[Dataset excerpts]
******************************

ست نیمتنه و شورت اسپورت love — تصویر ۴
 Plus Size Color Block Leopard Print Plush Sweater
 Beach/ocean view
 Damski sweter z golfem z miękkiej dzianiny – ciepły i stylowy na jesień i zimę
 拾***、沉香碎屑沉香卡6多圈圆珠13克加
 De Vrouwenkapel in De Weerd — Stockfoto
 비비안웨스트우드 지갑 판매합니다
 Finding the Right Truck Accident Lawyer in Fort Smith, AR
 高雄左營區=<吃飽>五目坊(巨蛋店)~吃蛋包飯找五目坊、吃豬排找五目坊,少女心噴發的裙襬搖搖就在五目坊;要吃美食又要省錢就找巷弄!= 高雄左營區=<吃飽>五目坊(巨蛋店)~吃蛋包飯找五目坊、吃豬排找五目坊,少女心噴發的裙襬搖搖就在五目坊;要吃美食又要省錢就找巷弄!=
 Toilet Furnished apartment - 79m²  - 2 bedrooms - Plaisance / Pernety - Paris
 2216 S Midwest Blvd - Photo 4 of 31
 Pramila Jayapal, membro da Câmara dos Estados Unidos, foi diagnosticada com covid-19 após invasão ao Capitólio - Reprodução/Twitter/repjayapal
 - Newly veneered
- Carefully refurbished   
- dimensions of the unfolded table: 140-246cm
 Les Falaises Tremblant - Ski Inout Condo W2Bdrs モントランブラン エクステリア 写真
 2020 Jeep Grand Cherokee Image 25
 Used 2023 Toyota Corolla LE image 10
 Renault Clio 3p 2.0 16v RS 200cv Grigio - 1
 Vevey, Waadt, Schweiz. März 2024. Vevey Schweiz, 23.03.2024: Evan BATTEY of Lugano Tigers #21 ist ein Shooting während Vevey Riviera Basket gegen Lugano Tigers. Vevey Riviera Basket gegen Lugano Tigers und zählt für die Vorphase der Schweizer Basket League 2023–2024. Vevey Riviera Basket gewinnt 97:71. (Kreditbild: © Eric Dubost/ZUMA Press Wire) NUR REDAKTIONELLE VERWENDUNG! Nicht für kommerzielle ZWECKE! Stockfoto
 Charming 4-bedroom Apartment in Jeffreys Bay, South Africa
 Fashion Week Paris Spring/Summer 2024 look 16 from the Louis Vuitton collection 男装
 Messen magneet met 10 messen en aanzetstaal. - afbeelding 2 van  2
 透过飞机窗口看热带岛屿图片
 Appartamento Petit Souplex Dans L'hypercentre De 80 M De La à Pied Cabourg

******************************

_Task to carry out_
Which lines of the data contain the string "Paris"? Copy each one.

_Answer to this problem_
 Toilet Furnished apartment - 79m²  - 2 bedrooms - Plaisance / Pernety - Paris
 Fashion Week Paris Spring/Summer 2024 look 16 from the Louis Vuitton collection 男装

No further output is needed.